158 stars 18 forks source link

Add attributes to API data classes #150

Closed soldni closed 1 year ago

soldni commented 1 year ago

This PR adds metadata to API data classes.

API data classes and mmda types differ in a few significant aspects:

id and type (and text for SpanGroup) are stored in metadata for mmda types; in the APIs, they are part of the top-level attributes.
metadata can store arbitrary content in the mmda types; in the data API, all attributes that are not explicitly declared are dropped.
- we expect applications that require specific fields to declare custom Metadata and SpanGroup/BoxGroup classes that inherit from their parent class. For an example, see tests/test_internal_ai2/test_api.py
- metadata entries are mapped to an attributes field to match how data is stored in the Annotation Store

soldni commented 1 year ago

@cmwilhelm per @yoganandc suggestion, I'm now mapping what is the metadata field in MMDA to the attributes field in the Annotation Store.

This should better fit the design of the annotation store. All previous considerations regarding attributes being typed are still valid.

Let me know what you think!

soldni commented 1 year ago

i was hoping for something much simpler...

can we just have a

class Annotation(BaseModel):
  id: Optional[str]
  type: Optional[str]
  attributes: Dict[str, Any] = {}

class BoxGroup(Annotation):
class SpanGroup(Annotation):

and then in to_mmda()

pydantic_annotation.attributes = dict(mmda_annotation.metadata)

The tricky part in this is that, in mmda, we made the decision to store id and type in the metadata. in fact, mmda_annotation.id, mmda_annotation.type, and mmda_annotation.text are just aliases to mmda_annotation.metadata.id, mmda_annotation.metadata.type, mmda_annotation.metadata.text (where aliases are actually implemented through descriptors).

The reason for such decision was that nor id nor type are actually required in mmda, so we moved off the top level but maintained aliases for backward compatibility. So, when converting to a pydantic object that conforms to SPP APIs, we have to remove them from metadata.

yoganandc commented 1 year ago

So, when converting to a pydantic object that conforms to SPP APIs, we have to remove them from metadata.

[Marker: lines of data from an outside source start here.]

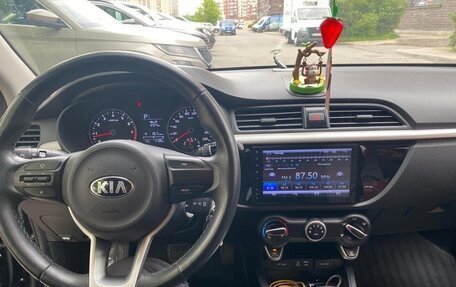 KIA Rio IV, 2018 год, 1 900 000 рублей, 14 фотография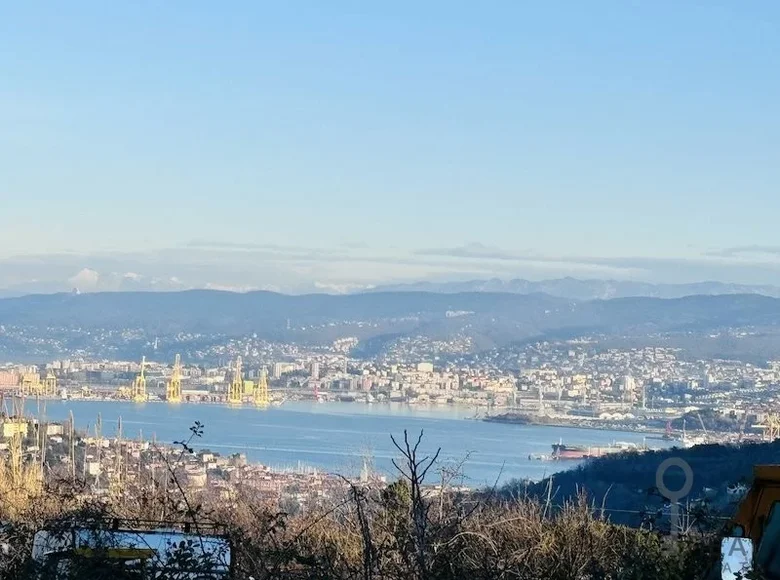 Земельные участки 1 020 м² Upravna Enota Ljubljana, Словения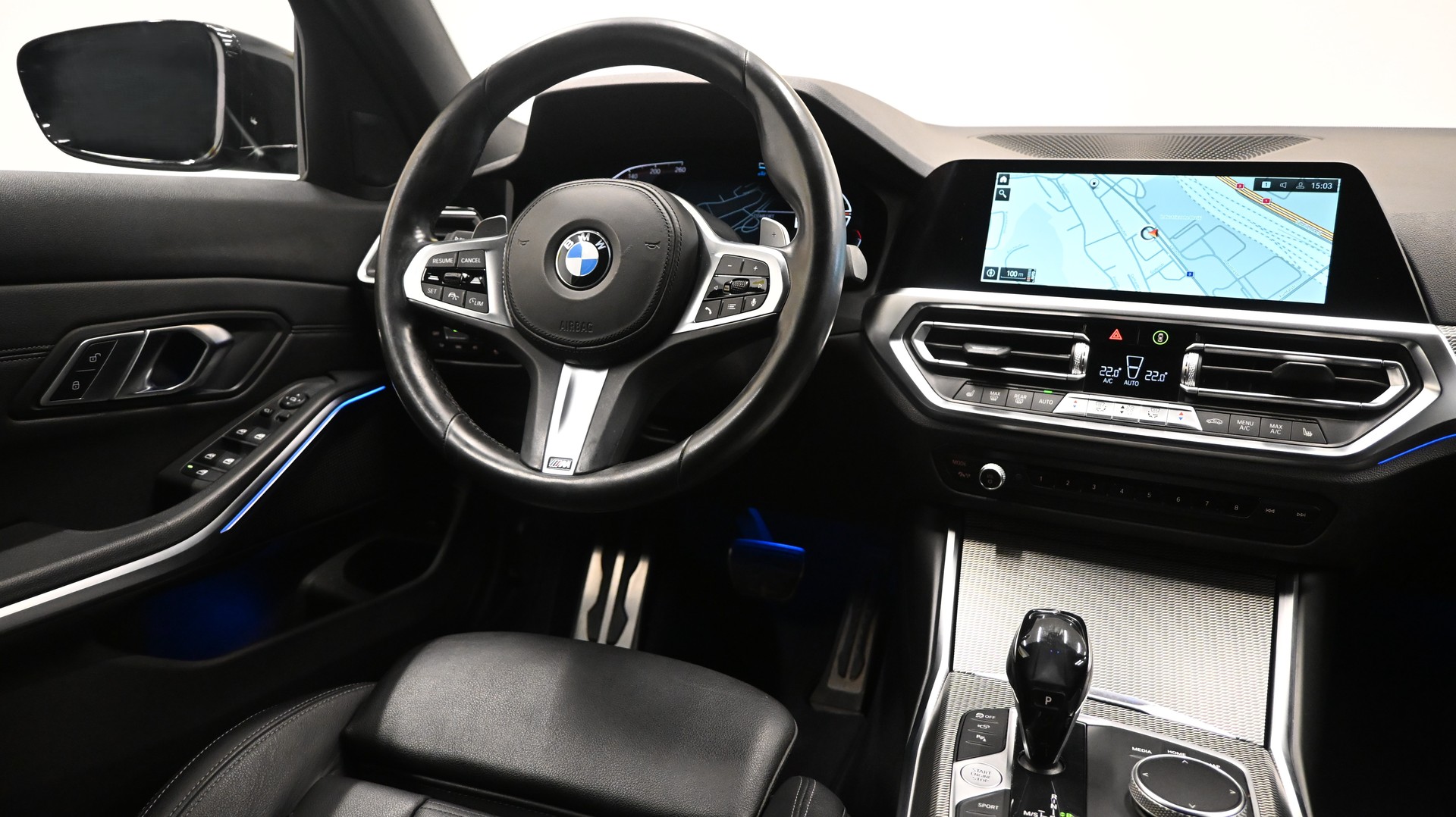 BMW 320d xDrive 48V Touring M Sport Steptronic-image-4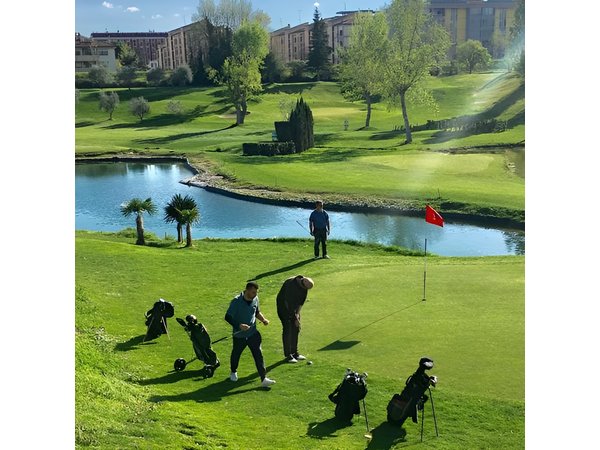 Golf and wine: in the heart of Florence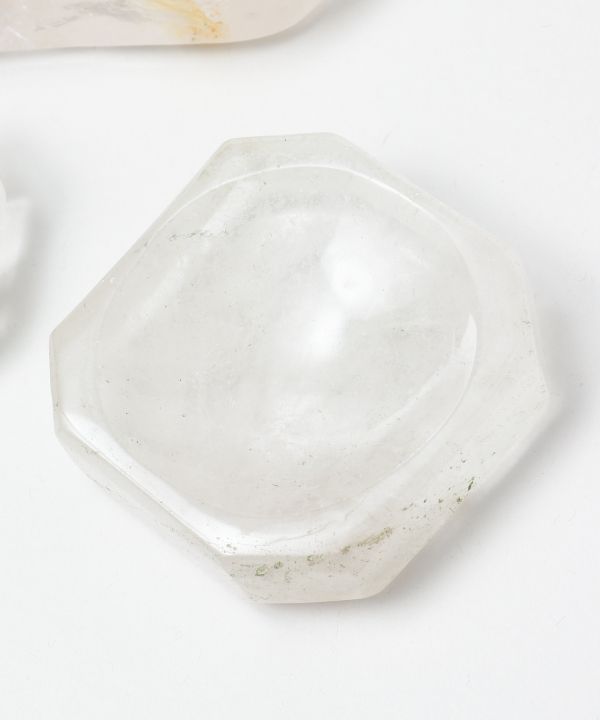 浄化】天然水晶浄め皿(ﾏﾀﾞｶﾞｽｶﾙ産): 『岩座(いわくら)』公式通販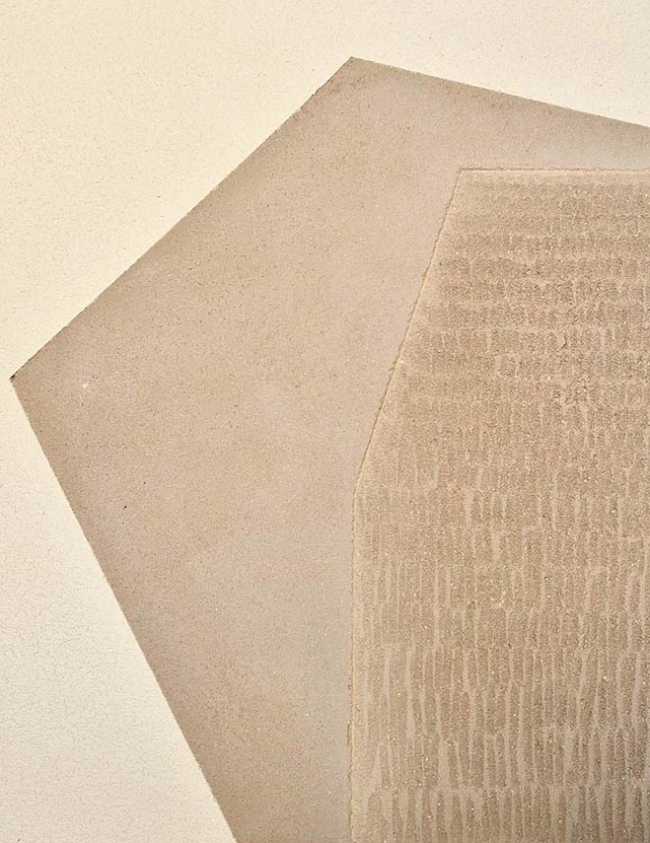 Elementos, the studio as laboratory creates presence, attention, rhythm
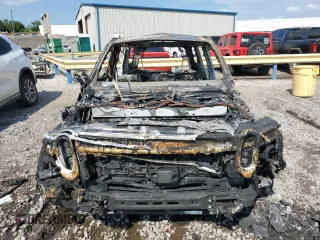2023 Rivian R1S Adventure z VIN 7PDSGABA7PN009929, wystawiony jako Copart lot #60833324 z przebiegiem Nie podano mil oraz Nie do naprawy. Historia ofert i sprzedaży dostępna na DreamBid. Obrazek 5.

👍 a little more logic but still fits the overall structure im proposing right?

cmwilhelm commented 1 year ago

@yoganandc the complexity here I think is @soldni responding to my direct request to have some sort of document schema for however a given model is using metadata. If model authors will be dumping principal inference data into them, we need a way to specify what the shape of that data is. Otherwise no one is going to be able to make sense of it later.